The goal of the project is to build a modern write-optimized NoSQL key-value store. The system will be based on a state-of-the-art variant of LSM-tree (Log Structured Merge tree) design. There are two parts in the project. In the first part, you will build a basic single thread key-value store that will include all major design components as in state-of-the-art key-value stores. In the second part, you will extend the design to support multiple threads and be able to process multiple queries in parallel, while utilizing all cores of a modern server machine.
Students that finish the systems project quickly and want to work on research will be able to do so by exploring open research topics directly on top of their LSM-tree. We have plenty of open topics in this area.
As storage becomes cheaper, and modern applications require both efficient lookups and updates, LSM-trees provide a good balance between the two by avoiding expensive in-place updates.

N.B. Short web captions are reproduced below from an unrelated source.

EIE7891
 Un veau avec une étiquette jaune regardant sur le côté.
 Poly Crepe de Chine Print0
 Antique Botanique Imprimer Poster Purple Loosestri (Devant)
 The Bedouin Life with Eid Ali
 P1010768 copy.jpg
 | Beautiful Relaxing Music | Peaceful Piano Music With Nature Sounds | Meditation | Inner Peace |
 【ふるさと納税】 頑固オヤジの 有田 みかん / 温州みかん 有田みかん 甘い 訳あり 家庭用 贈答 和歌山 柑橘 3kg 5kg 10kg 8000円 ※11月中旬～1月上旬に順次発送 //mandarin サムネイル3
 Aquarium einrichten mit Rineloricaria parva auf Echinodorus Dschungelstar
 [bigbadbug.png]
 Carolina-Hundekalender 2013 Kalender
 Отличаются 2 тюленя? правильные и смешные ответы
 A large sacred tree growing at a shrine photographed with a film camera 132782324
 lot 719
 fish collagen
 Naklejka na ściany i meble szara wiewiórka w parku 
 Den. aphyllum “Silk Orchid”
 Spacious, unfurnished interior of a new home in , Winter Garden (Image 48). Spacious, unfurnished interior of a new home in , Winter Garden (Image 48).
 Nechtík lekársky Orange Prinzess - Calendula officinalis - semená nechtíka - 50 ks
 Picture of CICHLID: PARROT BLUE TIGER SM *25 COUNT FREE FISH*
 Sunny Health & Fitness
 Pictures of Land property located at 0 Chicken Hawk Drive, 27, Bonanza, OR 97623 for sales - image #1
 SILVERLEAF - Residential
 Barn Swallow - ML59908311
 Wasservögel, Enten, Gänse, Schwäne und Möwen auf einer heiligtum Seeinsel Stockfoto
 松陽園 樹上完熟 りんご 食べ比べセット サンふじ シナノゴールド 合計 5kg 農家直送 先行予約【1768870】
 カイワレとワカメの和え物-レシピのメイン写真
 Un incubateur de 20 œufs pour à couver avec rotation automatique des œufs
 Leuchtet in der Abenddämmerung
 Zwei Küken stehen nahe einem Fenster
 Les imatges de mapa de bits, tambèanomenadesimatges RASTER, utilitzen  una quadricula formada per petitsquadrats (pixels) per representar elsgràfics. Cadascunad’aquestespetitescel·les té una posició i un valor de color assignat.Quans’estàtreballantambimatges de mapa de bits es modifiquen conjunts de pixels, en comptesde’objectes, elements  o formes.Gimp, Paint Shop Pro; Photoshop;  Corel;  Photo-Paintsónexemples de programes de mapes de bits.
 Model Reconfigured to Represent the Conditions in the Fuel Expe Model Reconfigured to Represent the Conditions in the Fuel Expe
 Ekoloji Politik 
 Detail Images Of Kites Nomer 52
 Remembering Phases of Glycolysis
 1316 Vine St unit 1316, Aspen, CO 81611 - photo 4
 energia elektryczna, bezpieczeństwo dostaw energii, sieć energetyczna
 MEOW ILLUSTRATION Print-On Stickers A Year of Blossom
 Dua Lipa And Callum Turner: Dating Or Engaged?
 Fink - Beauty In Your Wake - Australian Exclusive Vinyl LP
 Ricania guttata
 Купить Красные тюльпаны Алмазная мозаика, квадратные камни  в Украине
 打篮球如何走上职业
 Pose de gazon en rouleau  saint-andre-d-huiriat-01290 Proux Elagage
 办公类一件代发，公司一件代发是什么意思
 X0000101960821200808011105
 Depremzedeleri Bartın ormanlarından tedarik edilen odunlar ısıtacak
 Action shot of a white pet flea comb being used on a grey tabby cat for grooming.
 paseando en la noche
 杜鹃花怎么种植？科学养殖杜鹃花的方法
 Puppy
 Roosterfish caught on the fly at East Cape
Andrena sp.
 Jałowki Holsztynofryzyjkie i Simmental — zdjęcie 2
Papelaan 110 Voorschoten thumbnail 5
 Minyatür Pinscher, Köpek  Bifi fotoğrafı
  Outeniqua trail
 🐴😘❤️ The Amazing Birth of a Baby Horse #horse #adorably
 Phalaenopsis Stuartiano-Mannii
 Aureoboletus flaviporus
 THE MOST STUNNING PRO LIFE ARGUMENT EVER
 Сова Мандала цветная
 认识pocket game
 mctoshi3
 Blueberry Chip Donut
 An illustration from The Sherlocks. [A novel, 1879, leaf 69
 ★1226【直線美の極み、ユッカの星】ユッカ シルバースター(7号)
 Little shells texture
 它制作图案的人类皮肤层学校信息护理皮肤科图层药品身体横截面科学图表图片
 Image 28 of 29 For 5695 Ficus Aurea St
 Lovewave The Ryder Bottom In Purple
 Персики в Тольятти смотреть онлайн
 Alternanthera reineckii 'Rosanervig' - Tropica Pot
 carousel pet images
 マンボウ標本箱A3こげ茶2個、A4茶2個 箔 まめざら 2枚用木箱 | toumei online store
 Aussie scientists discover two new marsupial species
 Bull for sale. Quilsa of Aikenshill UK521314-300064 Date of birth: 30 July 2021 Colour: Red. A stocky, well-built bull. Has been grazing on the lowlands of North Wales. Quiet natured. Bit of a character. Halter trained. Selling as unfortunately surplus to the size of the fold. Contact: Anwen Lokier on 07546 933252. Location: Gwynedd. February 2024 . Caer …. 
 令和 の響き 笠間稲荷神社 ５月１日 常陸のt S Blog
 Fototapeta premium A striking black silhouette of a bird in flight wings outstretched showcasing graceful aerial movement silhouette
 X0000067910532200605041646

They work by buffering writes (inserts, deletes, and updates) in main memory and deferring their persistence to a later time. While such designs slightly penalize reads, which then need to search various different levels of data structures, they allow writes to be performed efficiently, and dramatically increase data ingestion rates.
Today, LSM-trees are used in a variety of systems, typically key-value stores, as a means of fast indexing of heavily updated data. Google’s LevelDB and BigTable, Facebook's RocksDB, Apache's Cassandra, and numerous research prototypes use LSM-trees or similar variants as the core data structure for storage.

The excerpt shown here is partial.